By: Conference UMW Leadership Team
On Thursday, January 30, Iowa Conference United Methodist Women (UMW) partnered with the Board of Church and Society to host the Conference United Methodist Advocacy Day. This year’s event was packed with conversation and information.
Gathering at Wesley United Methodist Church near the state Capitol, approximately 48 people arrived to share opening devotions by Conference UMW Social Action Coordinator Deb Streff.
Streff shared the story of her friend Amanda, a “returning citizen,” working toward re-entry after time in prison. Amanda’s story illustrated that the barriers returning citizens face to work and health are daunting, and Streff reminded us of our responsibilities to others as outlined in Matthew 25.
UM lobbying consultant Bob Mulqueen followed with advocacy training. Mulqueen emphasized the ABCs of advocacy: accuracy, brevity and courtesy. “Get to the point right away,” he said. He also recommended persistence, sharing that advocates should keep trying to connect with legislators if they’re not at their desks. He noted that persistence pays off on difficult issues as well, adding it may be something you say that will lead to changes in legislation. “Some people will surprise you,” he concluded.
About 10 a.m., attendees broke into two groups, to be shuttled to the Capitol. Once there, people broke into smaller groups to attend subcommittee meetings and locate their individual legislators. Members of the Iowa UM Advocacy Team worked with first time advocates to guide them through the Capitol and the process.
Between 11:35 and noon, advocates returned to Wesley UMC for lunch and fellowship, sharing stories and observations. Mission U Dean Judy Marnin expressed pleasure at catching her newest legislator for the first time. Bishop Laurie met the Senate Leader and House Minority Leader, as well as taking time to talk with our advocacy team.
After lunch, Streff continued our Advocacy Day Program with an address by Bishop Laurie, based on Mark’s story of Jesus calming the storm as he and the disciples crossed the Sea of Galilee. The bishop noted Jesus and the disciples had had great success in their ministries on the first side of the lake, but they were now crossing to the other side— where the Others lived. Then she asked, “Who are the Others in Iowa?” She encouraged us to use our gifts and resources to go to the Other side.
Following the bishop, Streff introduced a series of speakers to address UMW’s four priority issues for this quadrennium: Living Wage for All, Maternal and Child Health, Climate Justice and Criminalization of Communities of Color and Mass Incarceration.
Bobby Jo Paige, a member of our Conference Advocacy Team, shared information about the campaign for a living wage, citing that 43.5 percent of Americans live in poverty. She provided examples from the restaurant industry and noted that other costs of poverty wages include hopelessness and depression.
Jordan Oster and Ingrid Gronstal Anderson from the Iowa Environmental Council presented information on climate justice specifically related to water quality and clean energy. Anderson noted that “Public policy picks winners and losers.” She added that instead it needs to look at everyone.
Senator Janet Petersen took time from her work at the Capitol to share information on maternal health in Iowa.

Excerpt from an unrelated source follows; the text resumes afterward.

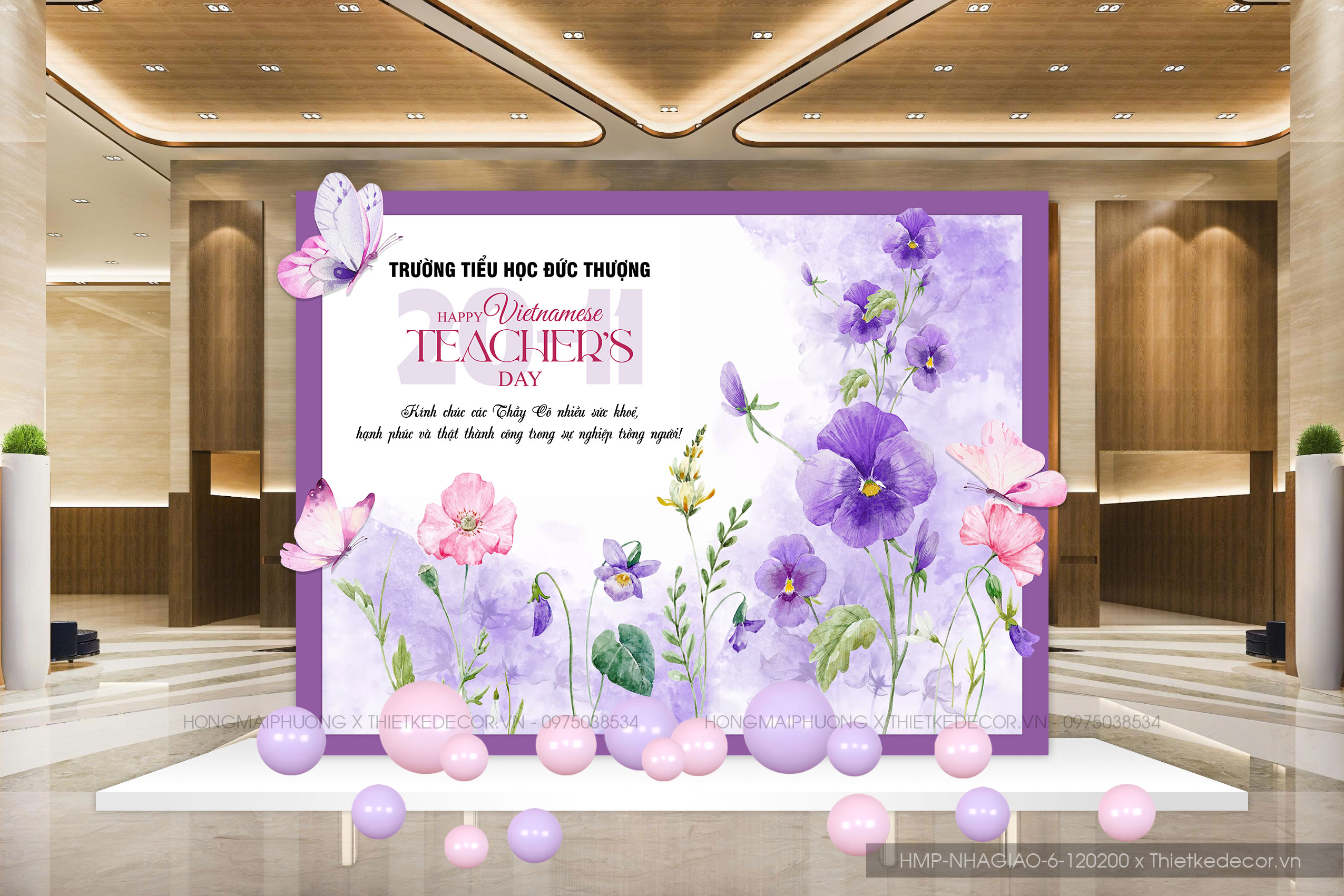 Backdrop nhà giáo Việt Nam 20-11 tone tím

Having experienced both joy and loss in childbirth, she has championed SF2062, the Healthy Moms and Babies Act. She informed the audience that 40 percent of moms in Iowa are on Medicaid and that many counties in Iowa are without maternal health care services. She also noted huge racial disparities in mother and infant care.
Anne Star from Orchard Place spoke about children’s mental health care needs in Iowa. She shared that one in five Iowa kids have mental health issues, and of those kids, only one in three gets help. Suicide is the number two cause of death among Iowa youth. Of incarcerated youth in Iowa, 65 percent have mental health issues, and the majority of those are minority youth. While the legislature passed a bill in 2019 that added children to Iowa’s mental health regions, no funding was appropriated to support that addition. Star encouraged those interested to find a local mental health group to advocate with because “Kids are our future.”
Advocacy Team Leader Brian Carter completed the program with a reminder that more than four million felons, who have served their time, are without voting rights. This brought Advocacy Day full circle back to Amanda’s story.
And to Bishop Laurie’s question—how will we respond when God calls us to walk with the Others?